Secondly, there are foreign considerations: North Korea wants to force the U.S. to take a seat at the negotiation table and progressively relax its economic sanctions on North Korea. After Obama’s administration took office in 2008, North Korea had high hopes for the U.S., expecting that Obama would be able to change the Bush administration’s unyielding attitude towards North Korea. The U.S. and North Korea would then conduct direct bilateral negotiations in order to remove the international economic sanctions on North Korea. But North Korea realized the Obama administration’s policy towards North Korea was not much different than that of the Bush era — it is still monolithic. In other words, North Korea needs to give up its development of nuclear weapons before it will be able to advance bilateral dialogue with the U.S. This reality is an enormous gap from what North Korea imagined would take place.

So, has North Korea’s repeated launch of military actions “to the brink of war” already surpassed the critical limit of what China can tolerate?

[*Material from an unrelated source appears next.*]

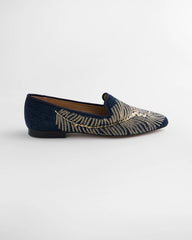 Chico's Accessories Peacock Embroidered Flats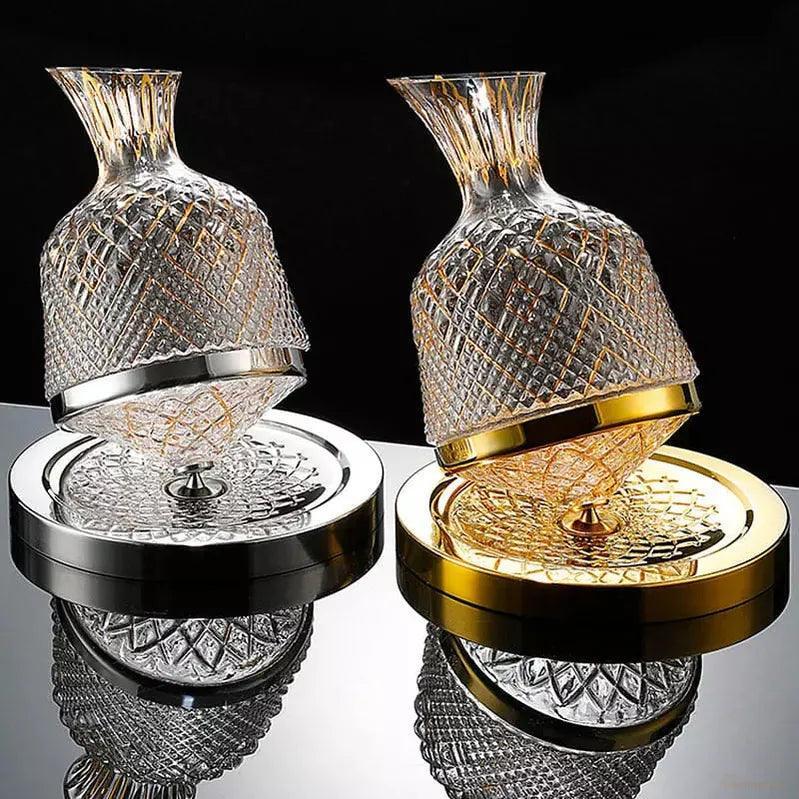 Decanter de Vinho Recipiente de Vidro Cristal Decantador-Harmonia do lar - Harmonia do lar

In the past, when North Korea has launched small-scale military conflicts on the Korean peninsula, China not only intervened and condemned these actions, but it also utilized the mechanism of the six-party talks to play the role of negotiator, promoting its own role as hegemony within East Asia. However, starting this year, the U.S. has gradually turned its attention from the Middle East back over to Asia, and in doing so, realized an abruptly risen China had already appeared in the East Asian region. Therefore, recently it seems that the United States’ strategy toward East Asia has already changed direction. Not only has the U.S. abandoned the mechanism of the six-party talks, but it also gave up on the opportunity for direct dialogue with North Korea, thereby upgrading U.S.-North Korean relations to U.S.-China relations, directly confronting and surrounding China.

The military exercises the U.S. has held with Japan and South Korea respectively, could not only force China to exert pressure on North Korea, but could also contain China’s navy from breaking through the Western Pacific island chain; this strategy kills two birds with one stone. Thus, the recent repeated military provocations carried out by North Korea have increased instead of gradually decreased U.S. military presence in Asia. Formerly simple conflicts between North and South Korea, under the influence of the military exercises carried out by the U.S. with great fanfare, have gradually evolved into a stand-off between two mighty nations — the U.S. and China. This, China finds undesirable.

This whole scene was written and directed by the U.S.; the U.S., Japan and South Korea collaboratively acted out the big show of joint military exercises. The goal of this was not to start a war, but to put on a play for which there seems to be no offstage audience other than China. There’s no such thing as a free lunch; to see a play, one must pay the cost — after the curtain call of military exercises, if China does not take the measures necessary to contain North Korea, the United State’s spell of military control surrounding China will only grow tighter and tighter.

North Korea, whose schemes usually play out well, did not think that by lighting a small flame it would actually trigger a huge forest fire, or that little conflicts between South and North Korea would unexpectedly play out into a confrontation between two major powers, the U.S. and China. But the United States’ strategy of “striking a blow from a distance” appears to have already proved effective with China. If North Korea repeatedly continues to create tense relations in the region for its own benefit, in the process losing China as its backstage supporter, on the international level North Korea will find itself isolated.

(The author is the head of the Division of Asia-Pacific Studies at National Chengchi University’s Institute of International Relations.)